(Crawled caption data)
========
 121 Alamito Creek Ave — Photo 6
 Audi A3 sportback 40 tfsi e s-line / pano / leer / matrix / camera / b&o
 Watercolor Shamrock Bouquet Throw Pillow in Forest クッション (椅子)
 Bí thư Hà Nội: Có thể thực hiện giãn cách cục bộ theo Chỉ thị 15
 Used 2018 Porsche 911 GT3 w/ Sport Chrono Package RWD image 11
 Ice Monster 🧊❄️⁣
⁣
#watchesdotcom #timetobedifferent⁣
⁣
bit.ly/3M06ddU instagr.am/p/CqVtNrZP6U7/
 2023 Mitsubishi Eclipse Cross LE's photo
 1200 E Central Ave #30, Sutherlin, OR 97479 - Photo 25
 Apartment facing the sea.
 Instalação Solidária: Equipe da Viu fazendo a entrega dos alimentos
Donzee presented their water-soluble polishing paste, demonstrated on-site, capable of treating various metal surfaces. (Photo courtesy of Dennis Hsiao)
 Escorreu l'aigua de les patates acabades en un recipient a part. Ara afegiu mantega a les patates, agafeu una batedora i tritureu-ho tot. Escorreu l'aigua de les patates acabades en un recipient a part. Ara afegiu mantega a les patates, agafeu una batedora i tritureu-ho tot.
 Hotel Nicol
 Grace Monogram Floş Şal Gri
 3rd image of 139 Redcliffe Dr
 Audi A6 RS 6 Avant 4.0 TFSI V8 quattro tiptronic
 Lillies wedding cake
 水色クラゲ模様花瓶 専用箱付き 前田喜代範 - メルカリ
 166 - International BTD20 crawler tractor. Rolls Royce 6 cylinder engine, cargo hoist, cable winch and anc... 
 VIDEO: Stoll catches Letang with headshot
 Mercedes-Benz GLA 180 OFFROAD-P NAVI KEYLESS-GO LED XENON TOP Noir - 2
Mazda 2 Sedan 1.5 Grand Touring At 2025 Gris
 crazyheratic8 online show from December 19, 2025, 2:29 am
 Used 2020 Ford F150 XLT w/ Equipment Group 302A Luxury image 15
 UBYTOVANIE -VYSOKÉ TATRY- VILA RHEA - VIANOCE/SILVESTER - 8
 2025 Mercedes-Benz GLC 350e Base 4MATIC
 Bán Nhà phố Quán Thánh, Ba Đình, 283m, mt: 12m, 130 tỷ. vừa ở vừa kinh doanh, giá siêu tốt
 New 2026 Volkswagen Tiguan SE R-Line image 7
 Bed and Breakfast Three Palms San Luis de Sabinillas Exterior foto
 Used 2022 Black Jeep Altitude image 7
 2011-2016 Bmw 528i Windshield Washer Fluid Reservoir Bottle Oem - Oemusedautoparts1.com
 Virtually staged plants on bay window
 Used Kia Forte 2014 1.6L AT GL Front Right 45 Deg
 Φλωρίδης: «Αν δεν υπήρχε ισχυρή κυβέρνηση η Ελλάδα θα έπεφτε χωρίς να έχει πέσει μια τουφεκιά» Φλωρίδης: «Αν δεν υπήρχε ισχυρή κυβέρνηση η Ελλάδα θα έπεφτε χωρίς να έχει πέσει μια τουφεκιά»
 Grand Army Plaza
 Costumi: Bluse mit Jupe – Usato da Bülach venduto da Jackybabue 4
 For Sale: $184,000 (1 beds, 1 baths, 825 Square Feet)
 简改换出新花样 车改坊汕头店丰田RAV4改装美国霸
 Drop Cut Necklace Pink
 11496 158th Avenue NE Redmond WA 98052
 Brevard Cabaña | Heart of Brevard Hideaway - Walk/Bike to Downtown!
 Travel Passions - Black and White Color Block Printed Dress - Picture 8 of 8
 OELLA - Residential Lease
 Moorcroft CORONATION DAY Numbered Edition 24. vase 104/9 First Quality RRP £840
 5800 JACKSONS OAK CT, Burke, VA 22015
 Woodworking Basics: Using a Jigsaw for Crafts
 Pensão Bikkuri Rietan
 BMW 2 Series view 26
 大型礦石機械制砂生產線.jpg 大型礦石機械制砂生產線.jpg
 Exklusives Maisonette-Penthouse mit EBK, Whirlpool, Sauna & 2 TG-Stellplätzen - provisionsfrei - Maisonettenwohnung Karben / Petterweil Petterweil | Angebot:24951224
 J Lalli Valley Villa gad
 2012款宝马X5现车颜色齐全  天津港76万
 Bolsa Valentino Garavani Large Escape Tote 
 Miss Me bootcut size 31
========
Work out how many lines of the records contain the word "Benz". Give that number and nothing more.

2